EXERCISE PROMPT
Extract exactly and only the lines of the data below, starting at the line with "6 ft Blue Steel" and stopping after the final line.

(Brief descriptive captions)
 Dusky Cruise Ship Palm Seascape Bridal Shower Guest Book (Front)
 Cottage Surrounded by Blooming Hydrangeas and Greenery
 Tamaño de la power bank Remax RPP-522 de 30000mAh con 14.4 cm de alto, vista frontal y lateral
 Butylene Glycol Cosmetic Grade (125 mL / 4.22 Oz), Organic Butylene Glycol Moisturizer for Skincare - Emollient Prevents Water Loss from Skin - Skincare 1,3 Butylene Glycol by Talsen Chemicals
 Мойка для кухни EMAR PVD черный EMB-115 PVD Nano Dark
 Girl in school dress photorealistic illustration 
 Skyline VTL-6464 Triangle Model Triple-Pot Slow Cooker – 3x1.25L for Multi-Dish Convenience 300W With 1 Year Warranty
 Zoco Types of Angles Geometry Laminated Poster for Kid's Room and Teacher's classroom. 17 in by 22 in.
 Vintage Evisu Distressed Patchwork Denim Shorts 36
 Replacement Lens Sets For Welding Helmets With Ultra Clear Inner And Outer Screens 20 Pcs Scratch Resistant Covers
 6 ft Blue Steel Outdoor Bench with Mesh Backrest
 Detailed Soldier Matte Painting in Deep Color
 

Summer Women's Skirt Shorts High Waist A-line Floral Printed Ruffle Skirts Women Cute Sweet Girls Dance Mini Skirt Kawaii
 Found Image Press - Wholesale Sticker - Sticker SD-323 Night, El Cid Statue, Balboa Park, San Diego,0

OUTPUT OF THE TASK
 6 ft Blue Steel Outdoor Bench with Mesh Backrest
 Detailed Soldier Matte Painting in Deep Color
 

Summer Women's Skirt Shorts High Waist A-line Floral Printed Ruffle Skirts Women Cute Sweet Girls Dance Mini Skirt Kawaii
 Found Image Press - Wholesale Sticker - Sticker SD-323 Night, El Cid Statue, Balboa Park, San Diego,0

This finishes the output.